Last week I had a discussion with a young woman, a master’s student, who was TAing an undergraduate French class. She found that her students were struggling, and that using a variety of pedagogical techniques wasn’t yielding better “results.” She and I had our differences in terms of educational ideas: she was in favor of an immersion- and speech-based approach; I firmly believe that grammar must be the backbone of any rigorous linguistic education. While our encounter didn’t convert me (or her, for that matter), it did get me thinking about the value of a few particular experiences I have had with language.
Like most American children, I studied Spanish for most of my elementary, middle, and high school years. I’ve taken German through college, which was improved by visiting both Germany and Austria for relatively extended periods of time. My Middle English is virtually fluent (for reading anyway). I’ve also taken Latin, Old English, and Old Norse. I enjoy languages, and I’ve experienced multiple approaches to learning them.

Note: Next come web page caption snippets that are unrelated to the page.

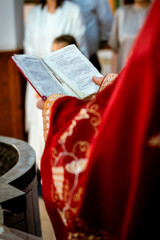 Priest Holding the Book of Needs During Religious Ceremony in Church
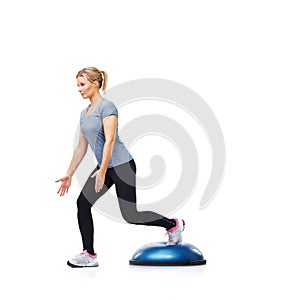 Athlete, bosu ball or legs training in workout for body or core development isolated on white background. Woman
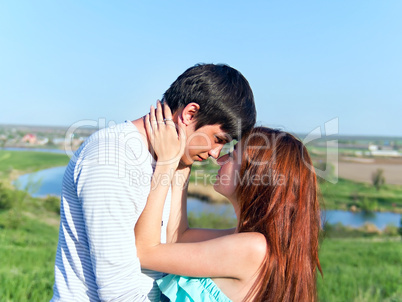 Happy young couple in the spring park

Among the specific experiences that came to mind was my beginning to read the Aeneid in Latin. The text is significantly shorter in the original than it is in English, which uses helping verbs to form larger, more complex verbal constructions. Hence, the 1st-person, singular, pluperfect, passive, subjunctive of the verb “to ask” is “I would have been asked.” In Latin, it reads, “petitus essem.” The famous opening of the text provides another example. The narrator begins: “arma virumque cano,” or “I sing of arms and a man.” Language education, or language work in general, is thus not a simple matter of one-to-one translation. It’s an engagement with a different way of experiencing, and expressing the experience of, the world.
Each time I choose to study a new language I not only gain access to the cultural tropes of that people and their place in history, but I also enter their “cultural mindset,” their Weltanschauung. Even that word, “Weltanschauung,” is essentially just a couple words smashed together: “Welt” (world) and “Anschauung” (assumption, view). “Anschauung” is itself a compound of the prefix “an,” which has a variety of meanings, and a substantive form of the verb “shauen,” meaning “to look.” In English like in German, we are fortunate to be able to do the same thing, that is to compound lots of words and prefixes to form complex terms, but that is not the case for all languages. In fact, we used to be able to do it even more robustly when our language was called Old English. Take the famous (well, among Anglo-Saxonists) word, “modcearig.” It comes from the poem The Wanderer, and means something like “spirit-weary.” I say “something like” because its semantic ambiguity is part of its beauty.
Teaching and acquiring new modes of expression has a supreme importance, especially in an increasingly global world but also in a world in which we would like to remain in dialogue with our past. Language looks both backward and forward. We may never fully understand Virgil, but learning his native tongue is the first step toward true dialogue. The same goes for reading The Wanderer.
Language opens up the world, not merely instrumentally, but spiritually.